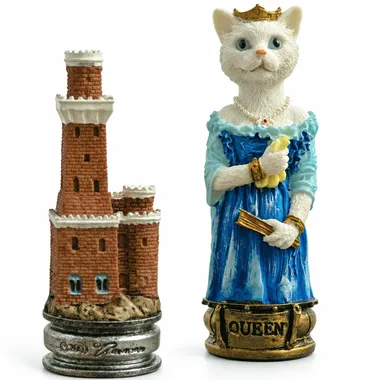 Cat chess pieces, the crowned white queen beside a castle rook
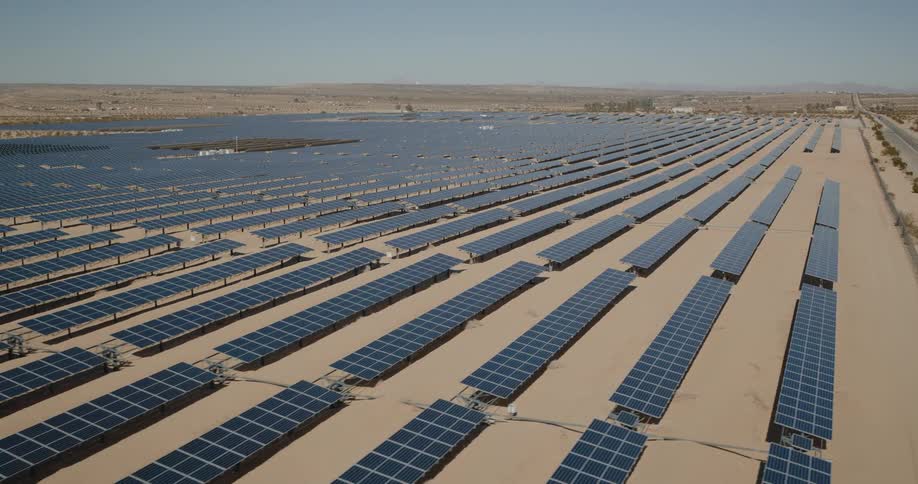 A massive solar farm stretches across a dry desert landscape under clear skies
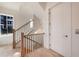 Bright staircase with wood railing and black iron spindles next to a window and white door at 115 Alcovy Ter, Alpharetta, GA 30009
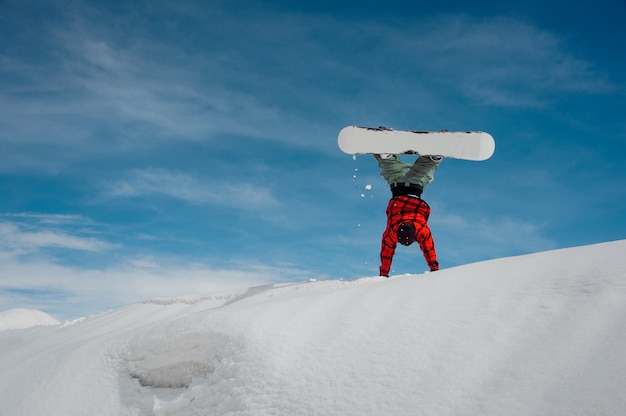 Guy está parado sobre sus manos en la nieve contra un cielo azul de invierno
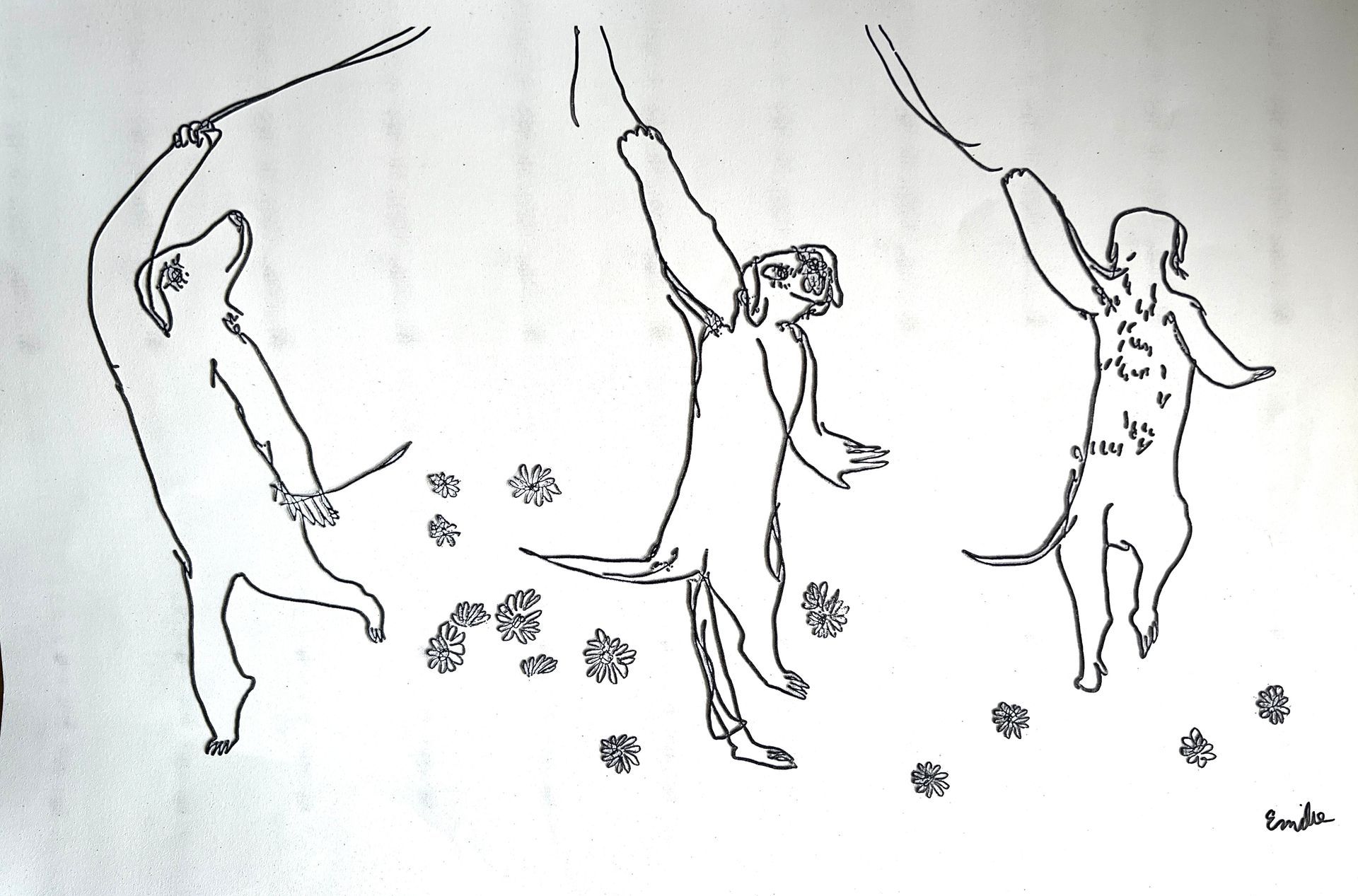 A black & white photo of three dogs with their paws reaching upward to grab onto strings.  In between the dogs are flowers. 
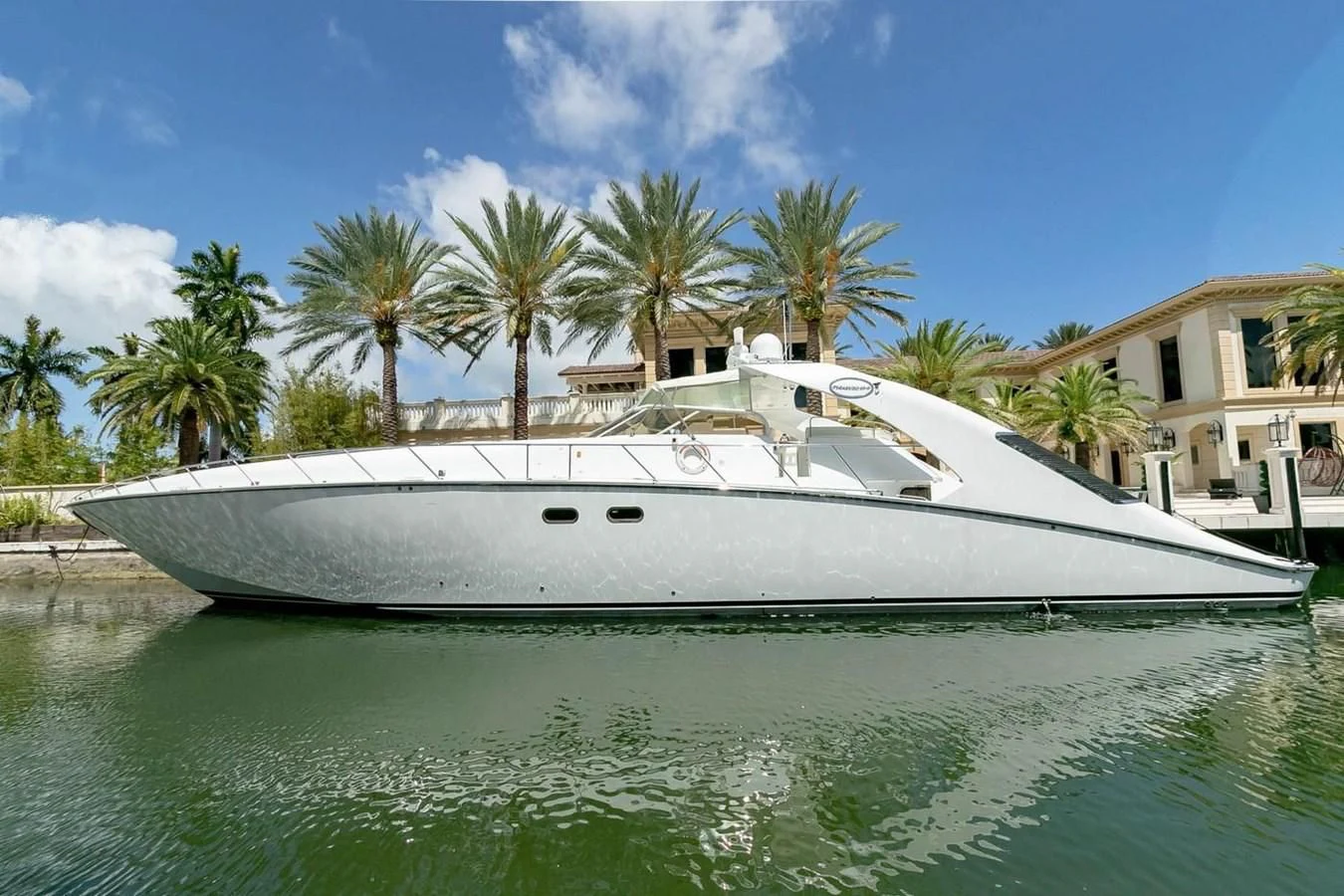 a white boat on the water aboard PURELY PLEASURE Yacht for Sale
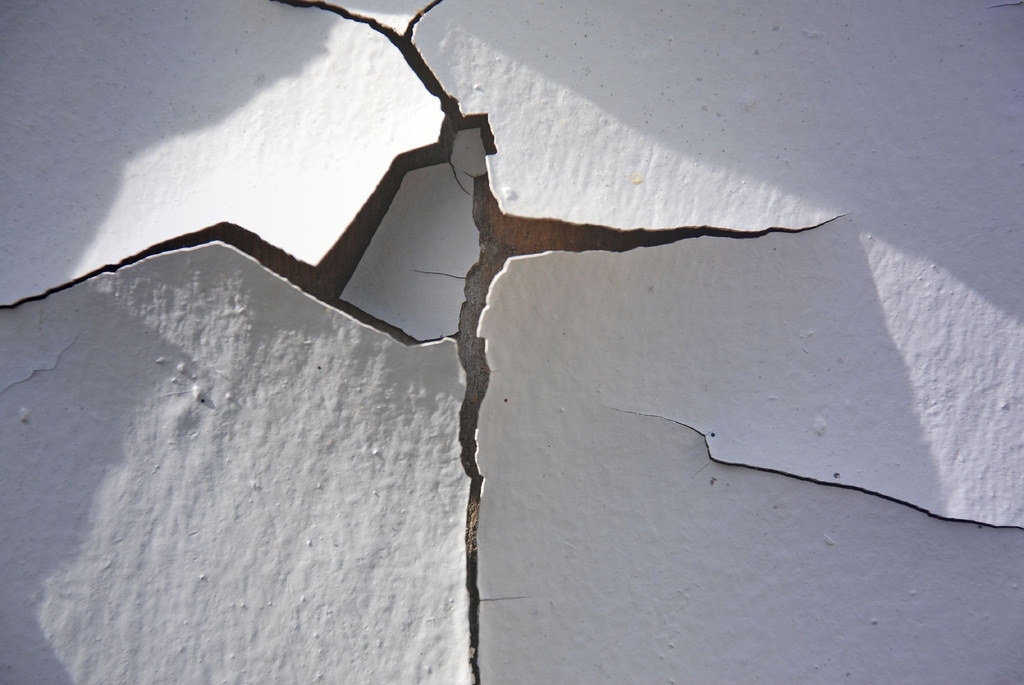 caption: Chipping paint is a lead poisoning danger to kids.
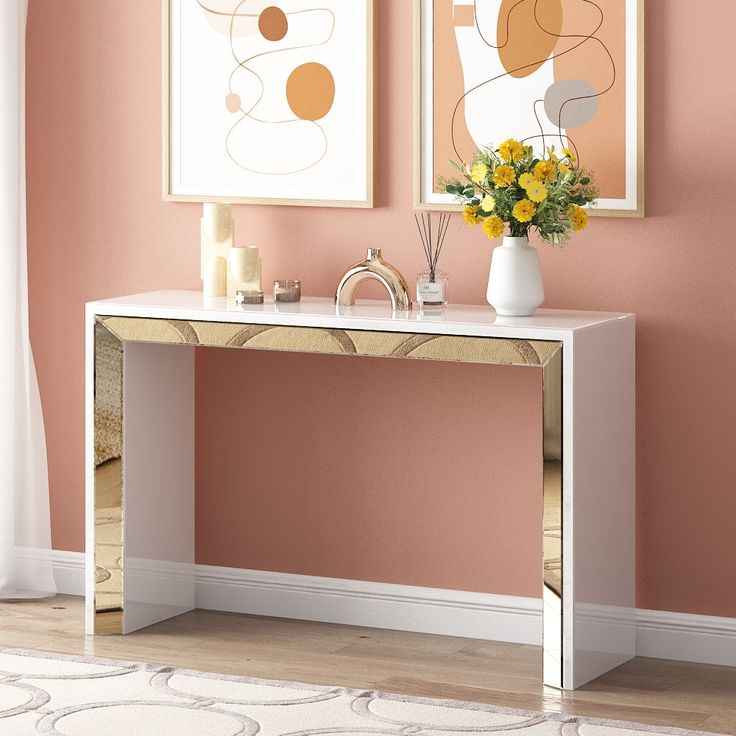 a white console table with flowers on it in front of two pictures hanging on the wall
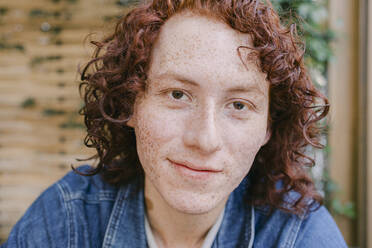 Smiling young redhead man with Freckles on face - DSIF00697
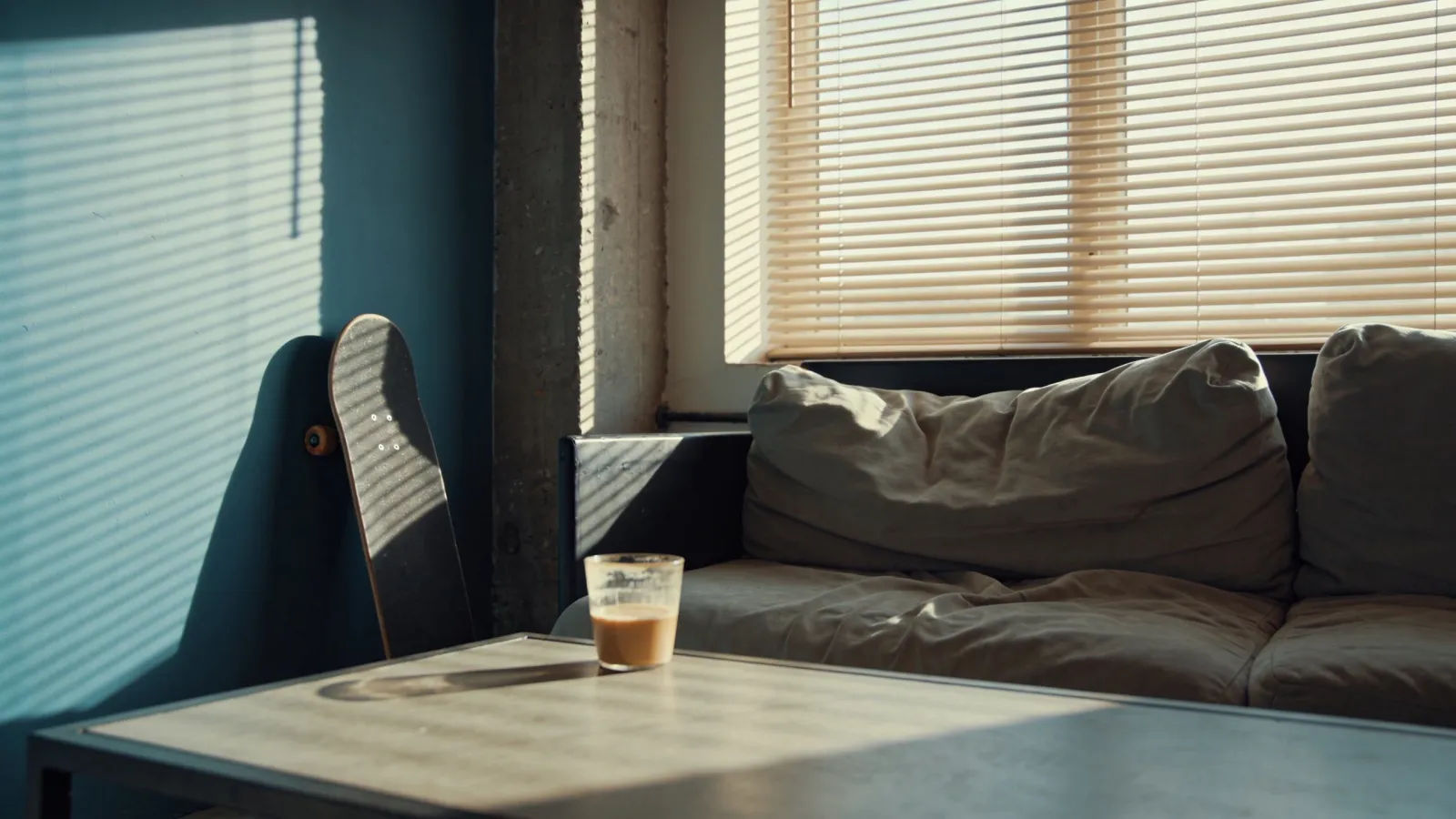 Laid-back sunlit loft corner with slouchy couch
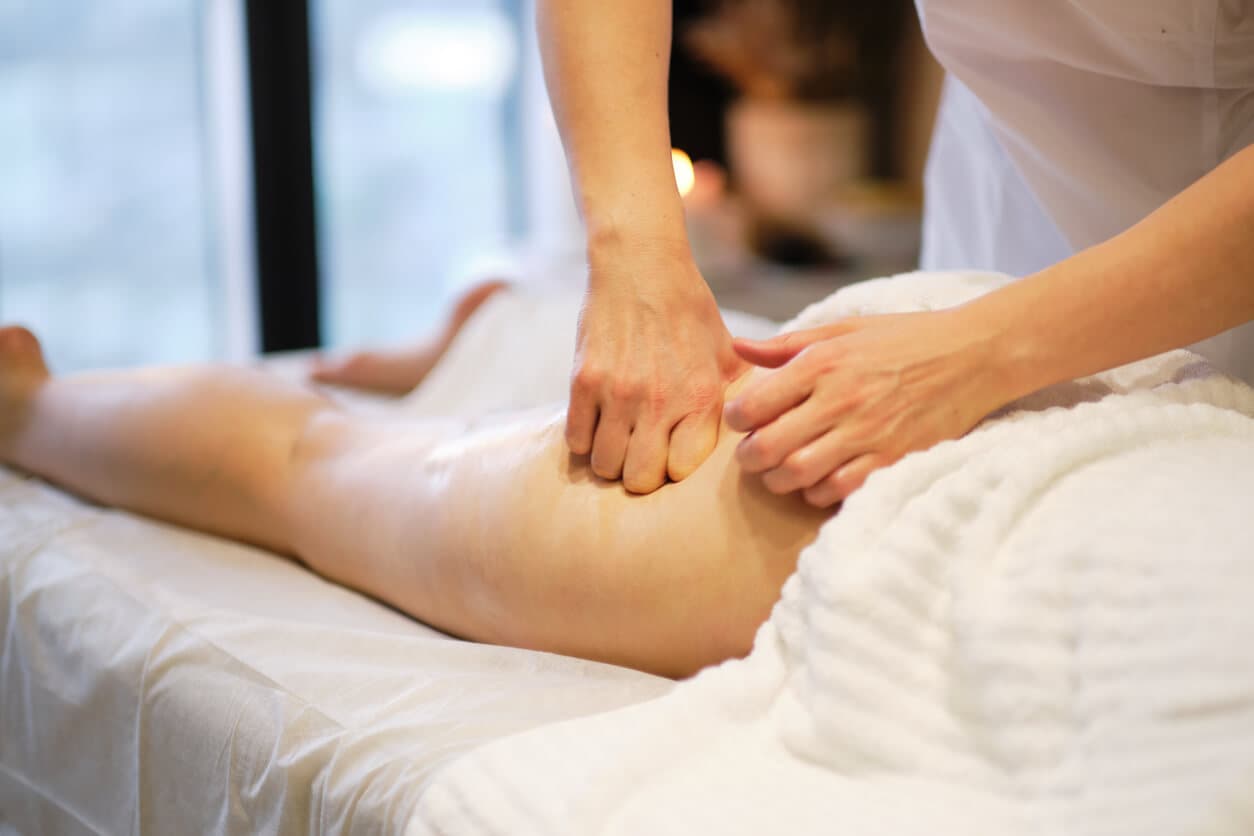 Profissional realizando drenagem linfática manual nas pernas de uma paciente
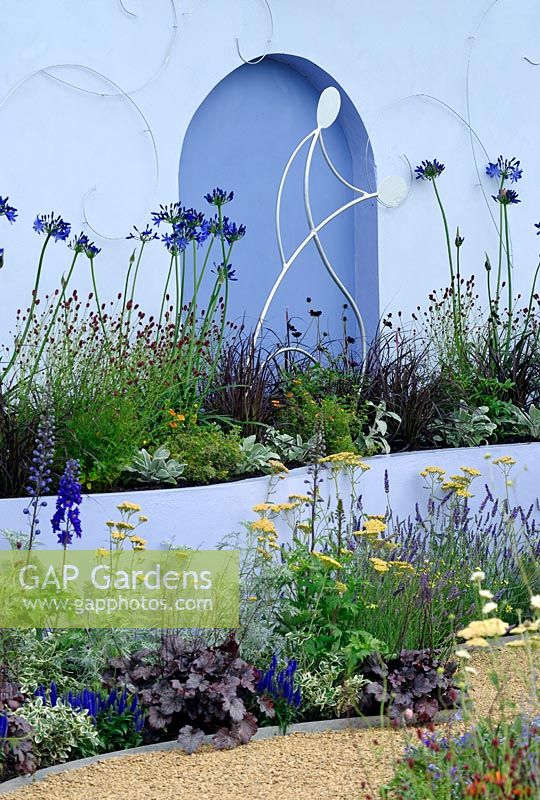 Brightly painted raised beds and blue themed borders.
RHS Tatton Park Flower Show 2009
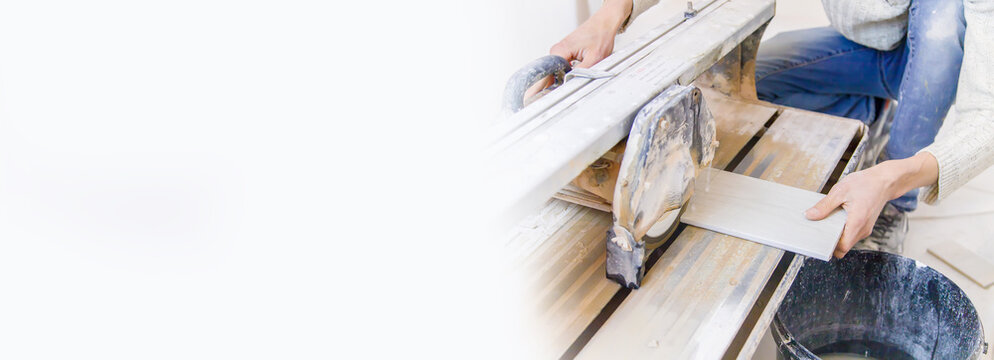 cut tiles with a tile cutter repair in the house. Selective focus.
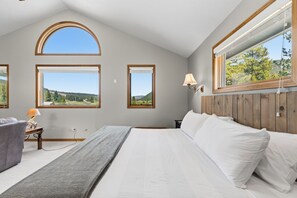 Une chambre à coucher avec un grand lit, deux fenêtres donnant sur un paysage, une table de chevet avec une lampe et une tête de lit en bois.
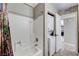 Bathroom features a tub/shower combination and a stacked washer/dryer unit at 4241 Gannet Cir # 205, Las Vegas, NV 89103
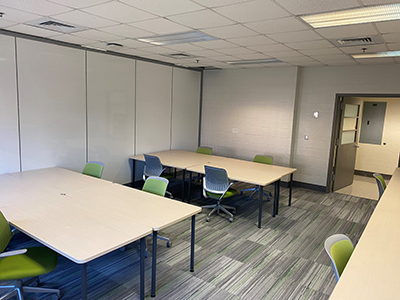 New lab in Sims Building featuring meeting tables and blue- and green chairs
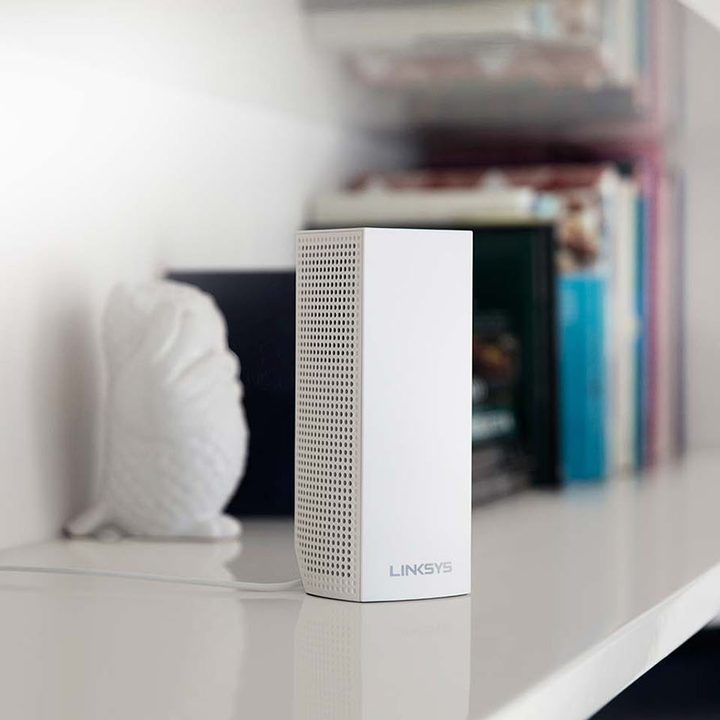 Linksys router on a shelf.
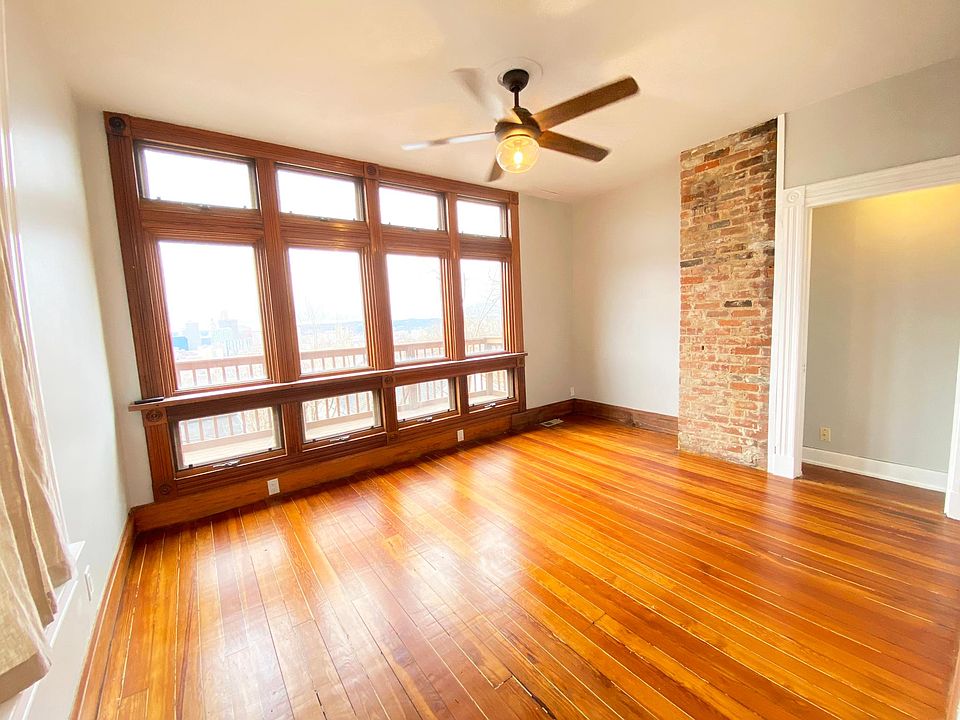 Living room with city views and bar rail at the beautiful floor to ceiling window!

» Exercise aim
Without including any images, output the data exactly as given.

» Task solution
 Cat chess pieces, the crowned white queen beside a castle rook
 A massive solar farm stretches across a dry desert landscape under clear skies
 Bright staircase with wood railing and black iron spindles next to a window and white door at 115 Alcovy Ter, Alpharetta, GA 30009
 Guy está parado sobre sus manos en la nieve contra un cielo azul de invierno
 A black & white photo of three dogs with their paws reaching upward to grab onto strings.  In between the dogs are flowers. 
 a white boat on the water aboard PURELY PLEASURE Yacht for Sale
 caption: Chipping paint is a lead poisoning danger to kids.
 a white console table with flowers on it in front of two pictures hanging on the wall
 Smiling young redhead man with Freckles on face - DSIF00697
 Laid-back sunlit loft corner with slouchy couch
 Profissional realizando drenagem linfática manual nas pernas de uma paciente
 Brightly painted raised beds and blue themed borders.
RHS Tatton Park Flower Show 2009
 cut tiles with a tile cutter repair in the house. Selective focus.
 Une chambre à coucher avec un grand lit, deux fenêtres donnant sur un paysage, une table de chevet avec une lampe et une tête de lit en bois.
 Bathroom features a tub/shower combination and a stacked washer/dryer unit at 4241 Gannet Cir # 205, Las Vegas, NV 89103
 New lab in Sims Building featuring meeting tables and blue- and green chairs
 Linksys router on a shelf.
 Living room with city views and bar rail at the beautiful floor to ceiling window!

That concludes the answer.